Jump aboard the Black & Gold bandwagon while there is still room


If the Boston Bruins go on to do something special in the spring (namely end a 39 year drought for a Stanley Cup), I can proudly say that my buddy Rick and I were on the ground floor of some history.

One of my best friends from college and I were in Loge 7 last night for the Bruins' home opener against the Washington Capitals and it was a great time to be a Masshole as the B's (4-1-0) won convincingly 4-1 at the TD Garden.

It was Boston's fourth straight victory as Tim Thomas (38 saves, 4-0-0) was in between the pipes for the fourth game in a row and he looked like the Vezina trophy winner of two seasons ago, rather than the hobbled bum that was stapled to the bench last season behind Tuukka Rask.

Washington (4-3-0) has been one of the most high-octane offenses in the NHL the past few seasons but as their postseason chokes attest, that formula falls apart when the game changes in the playoffs (just ask the San Jose Sharks). It's all about goaltending, defense and timely scoring in that order when the results really count.

If I could bottle up any crowd in professional sports around here, no doubt it would be the Bruins. The prices get hiked up every season, the B's continue to epically fail in the playoffs and yet the residents of South Boston, Winthrop, Revere, etc. continue to eat it up. They love their predictable hard rock soundtracks and you can't accuse people that go to Bruins games of being frauds.

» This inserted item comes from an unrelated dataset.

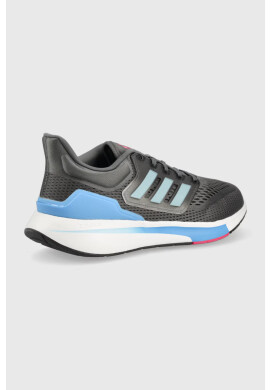 adidas Маратонки Eq21 Run - Pepit.bg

You go to Patriots games to drink in a parking lot, to Red Sox games to be seen (and scope out smokeshows in the summer temps.) and to Celtics games for the party atmosphere. There's nothing sexy about Bruins fans, quite the opposite when you see most of them up close, but it's all authentic blood, guts and cheap light beer (that they'll gladly spill on you after a goal). Kind of like they just stepped off the set as extras for The Town, I can't say enough about it.

Even in the home opener, we'll boo Blake Wheeler and Michael Ryder for being underachieving (former) and overpaid (latter) bums but we'll still cheer Ryder for potting a sweet power-play goal in the first period last night from Patrice Bergeron and Tyler Seguin. That came with 28 seconds left in the first period, a turning point heading into the locker room.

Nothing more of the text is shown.